We have further discussed enabling technology in the area of IoT that allows to foster privacy, i.e., flexible networking technology like SDNs could implement privacy preserving routing overlays, local data pre-processing on the IoT gateway could minimize the data being sent to servers, while advanced cryptographic mechanisms of malleable signatures still guarantee the absence of unauthorised subsequent changes to the application. All these technological advances brought to the IoT and integrated into each device should allow it to become a safe place—one where we can accept such otherwise too privacy-invasive technology into our daily lives, or into our restricted corporate areas if we consider industrial Internet of Things (IoT) where the threat of privacy is a threat of trade secret protection and corporate espionage.

9 Recommendations

We learned from our prototype implementation of DC-net on real hardware that to take the final steps towards a truly private communication between IoT devices, the following recommendations shall be followed:

Minimize data collection Data you do not need to fulfil a goal shall not be collected by the IoT.

Increase the ROM footprint of devices This is a call to hardware manufacturers, its of course not to store even more data on the devices, but to allow all security mechanisms to fit to make the IoT device a first-class citizen in secure and private communication.

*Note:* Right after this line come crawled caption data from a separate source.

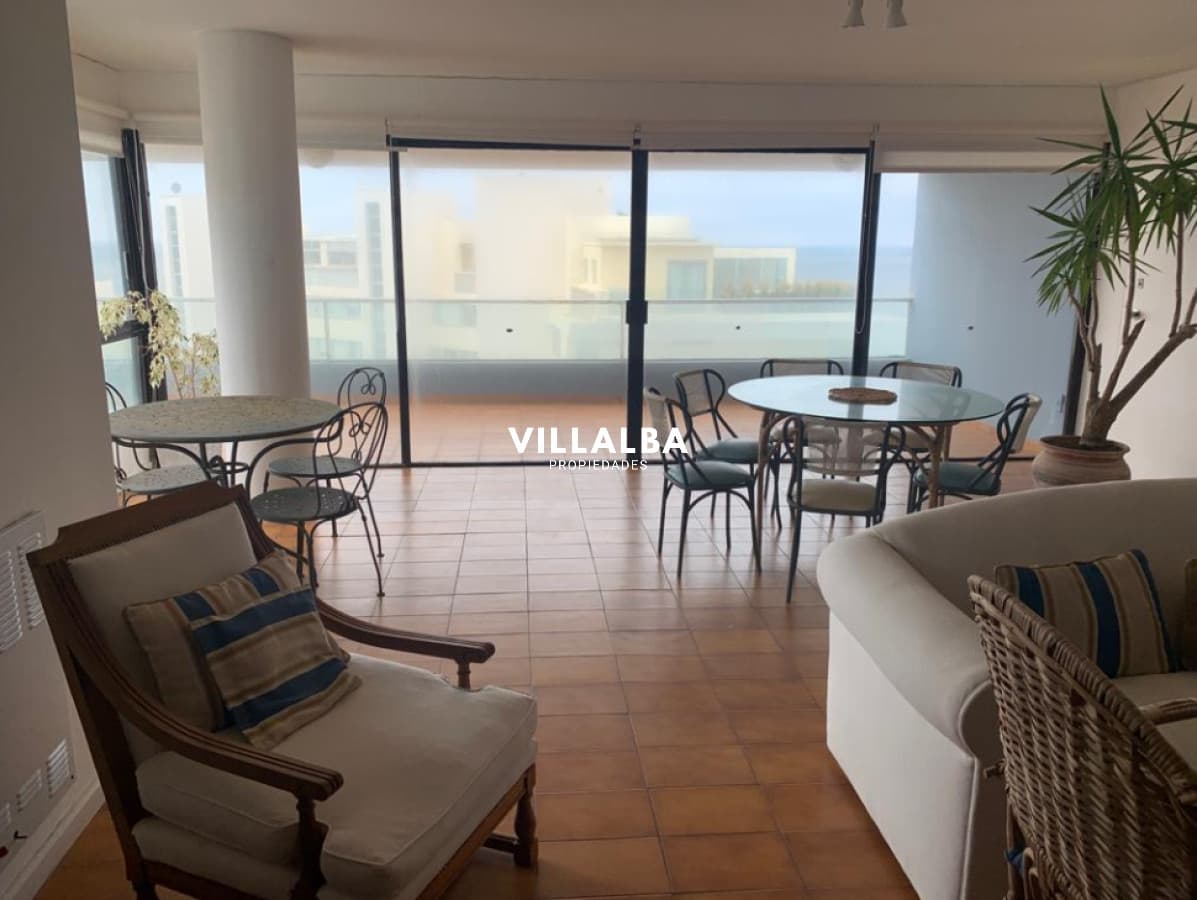 3 suites + dependencia, 2 garajes. Vista espectacular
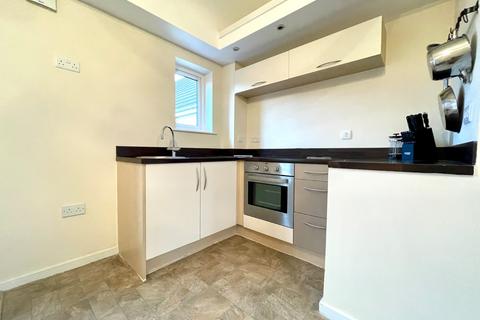 2 bedroom flat to rent, Putnam Drive, Lincolnshire LN2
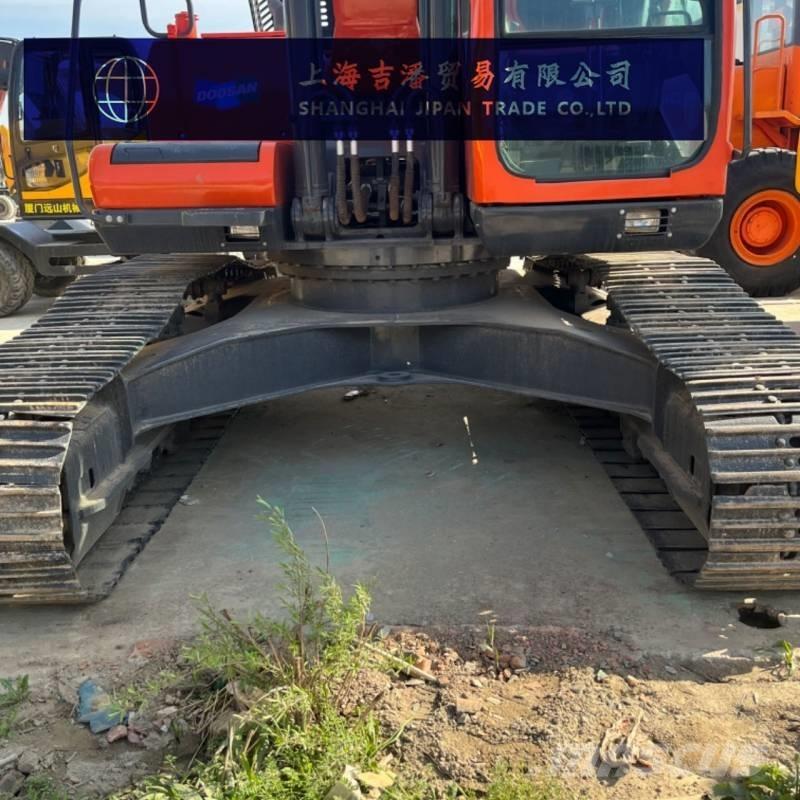 Doosan DX 300 Telakaivukoneet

All the security mechanisms discussed in Sect. 5 should be in place, or allow over the air provisioning. But even with the latter combining, all of them in the same firmware results in a binary image too large and therefore some needed security mechanisms may get excluded in a real deployment.

Support hardware acceleration This second recommendation towards hardware has the obvious benefit that encryption and decryption operations are potentially faster when accelerated by hardware. But it can also reduce the size of the firmware image. However, besides the runtime, other aspects like the problem of side channel attacks have to be considered in greater depth.

Enable layer 2 hop-by-hop encryption within the wireless network: This step prohibits the attacker from reconstructing the network’s topology using a very simple wireless sniffer on the RPL routing control packets transmitted in the clear.

Carefully consider the use of devices that allow long range communication, e.g., sub-GHz frequency band It has the disadvantage that the attacker does not need to be so close to eavesdrop. On the other hand, it will allow to broadcast messages to a wider audience, which can significantly reduce the overhead of the DC-net protocol.

Optimize network algorithms of lower layers To minimize the negative impact that DC-net’s communication overhead generates the lower network protocols could be further optimized to better cope with constant traffic, e.g., adapt solutions from constant-rate transmissions like streaming.

As part of our future work, we continue to optimize the implementation discussed in Sect. 4 and provide further measurements on their impact on network delay, packet loss and device energy consumption.